2  Experiment 2

Effects of a PSA and Usage Modeling on Memory and Written Production


2.1 Motivation

The results of Experiment 1 suggest that people can learn to associate pronouns with a person, but that accuracy for they/them remains lower than for he/him and she/her. Although remembering which characters used they/them was a strong predictor of producing singular they, accuracy in the sentence completion task was significantly lower than in the multiple-choice memory task. Experiment 2 investigated what kinds of exposure can support accurately remembering and producing singular they. The first factor tested is the role of conceptual knowledge about singular they and discussing gendered language preferences. Recent results show that participants are more likely to interpret they as the intended singular, instead of plural, after being told explicitly that the character uses they/them pronouns (Arnold et al., 2021) (see Section 0.4.4). This is also supported by prior experiments about the generic masculine: When a course instructor included information about why they would be using generic she instead of generic he (Adamsky, 1981), and when alternatives were taught as options to students (Flanagan & Todd-Mancillas, 1982), students were less likely to use generic he in their assignments and more likely to use gender-neutral alternatives or generic she. Similarly, in German (where nouns are gender-marked) reading brief arguments in favor of gender-neutral language increased participants’ use of gender-neutral generic nouns (Koeser & Sczesny, 2014).

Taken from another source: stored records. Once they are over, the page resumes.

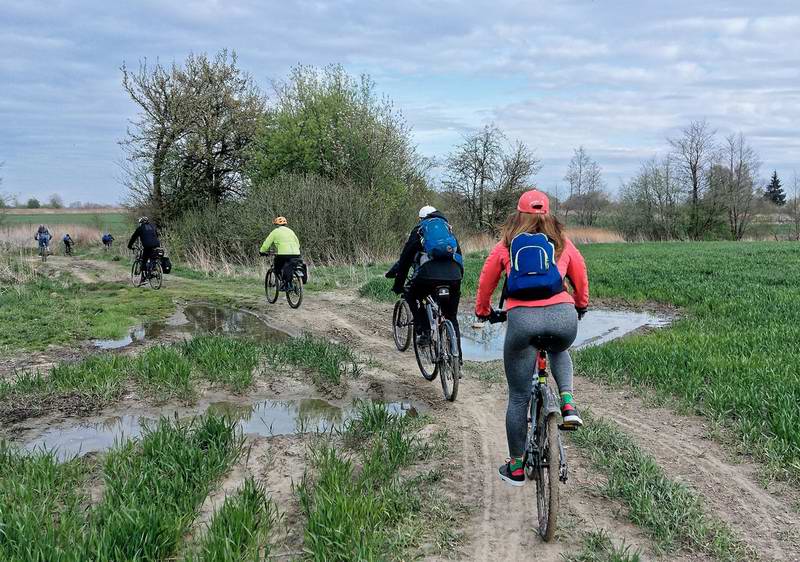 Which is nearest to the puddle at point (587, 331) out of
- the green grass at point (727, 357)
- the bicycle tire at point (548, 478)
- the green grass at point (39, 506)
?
the green grass at point (727, 357)

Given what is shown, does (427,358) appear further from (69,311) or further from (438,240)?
(69,311)

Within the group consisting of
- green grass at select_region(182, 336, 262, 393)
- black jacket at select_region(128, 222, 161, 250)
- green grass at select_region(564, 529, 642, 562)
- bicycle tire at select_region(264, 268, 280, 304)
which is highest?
black jacket at select_region(128, 222, 161, 250)

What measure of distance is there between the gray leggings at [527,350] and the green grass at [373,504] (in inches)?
28.4

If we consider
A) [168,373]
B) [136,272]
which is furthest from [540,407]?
[136,272]

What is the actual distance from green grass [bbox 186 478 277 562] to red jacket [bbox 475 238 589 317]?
1929 millimetres

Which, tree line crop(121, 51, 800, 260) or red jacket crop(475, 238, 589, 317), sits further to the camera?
tree line crop(121, 51, 800, 260)

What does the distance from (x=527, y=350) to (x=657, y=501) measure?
4.56 feet

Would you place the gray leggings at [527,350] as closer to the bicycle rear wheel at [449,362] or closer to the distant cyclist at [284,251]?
the bicycle rear wheel at [449,362]

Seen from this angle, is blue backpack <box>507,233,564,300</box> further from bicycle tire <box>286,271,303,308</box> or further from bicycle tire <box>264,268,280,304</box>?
bicycle tire <box>264,268,280,304</box>

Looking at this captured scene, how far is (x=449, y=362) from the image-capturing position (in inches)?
265

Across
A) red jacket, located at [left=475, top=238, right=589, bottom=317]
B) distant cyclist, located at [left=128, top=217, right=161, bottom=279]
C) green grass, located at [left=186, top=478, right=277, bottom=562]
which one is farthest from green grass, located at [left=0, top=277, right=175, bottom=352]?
red jacket, located at [left=475, top=238, right=589, bottom=317]

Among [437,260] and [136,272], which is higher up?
[437,260]

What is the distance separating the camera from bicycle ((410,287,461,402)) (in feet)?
21.6

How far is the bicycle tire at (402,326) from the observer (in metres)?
8.95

The second factor tested is exposure. As singular they becomes more common and accepted (Balhorn, 2004; Camilliere et al., 2021; Hekanaho, 2020; Minkin & Brown, 2021; Parker et al., 2019), speakers are increasingly likely to be exposed to it via media and social circles, and many of these instances do not come prefaced with a discussion about pronouns or gender identity. Potentially-comparable results from studies about non-sexist language reforms are mixed: students who saw alternatives to generic masculine forms modeled in task instructions increased their use of non-sexist forms, but did not decrease their use of generic masculine forms (Cronin & Jreisat, 1995). In German, women were more likely to use alternatives to generic masculine role nouns after reading a text modeling them, but men did not change their language use until the instructions drew their attention to the gendered language used (Koeser et al., 2015).

2.2 Methods

The design and analysis plan were preregistered on the Open Science Framework. Materials, de-identified data, and analysis code are available at this dissertation’s Github repository.

2.2.1 Participants

427 responses were collected from Amazon Mechanical Turk, completing a task that took approximately 20 minutes. Participants were required to be in the U.S. and comfortable reading and writing in English. 107 participants were excluded for nonsensical responses in the sentence completion task, for a total of 320 participants in the final data set. As in Experiment 1, participants were asked about their age (Mage = 38.79, SDage = 11.54), gender (194 male, 125 female, 1 did not provide), and English experience (304 “native (learned from birth)”, 14 “fully competent, but not native”, 1 “limited but adequate competence”, 1 “some familiarity”) in order to characterize the sample.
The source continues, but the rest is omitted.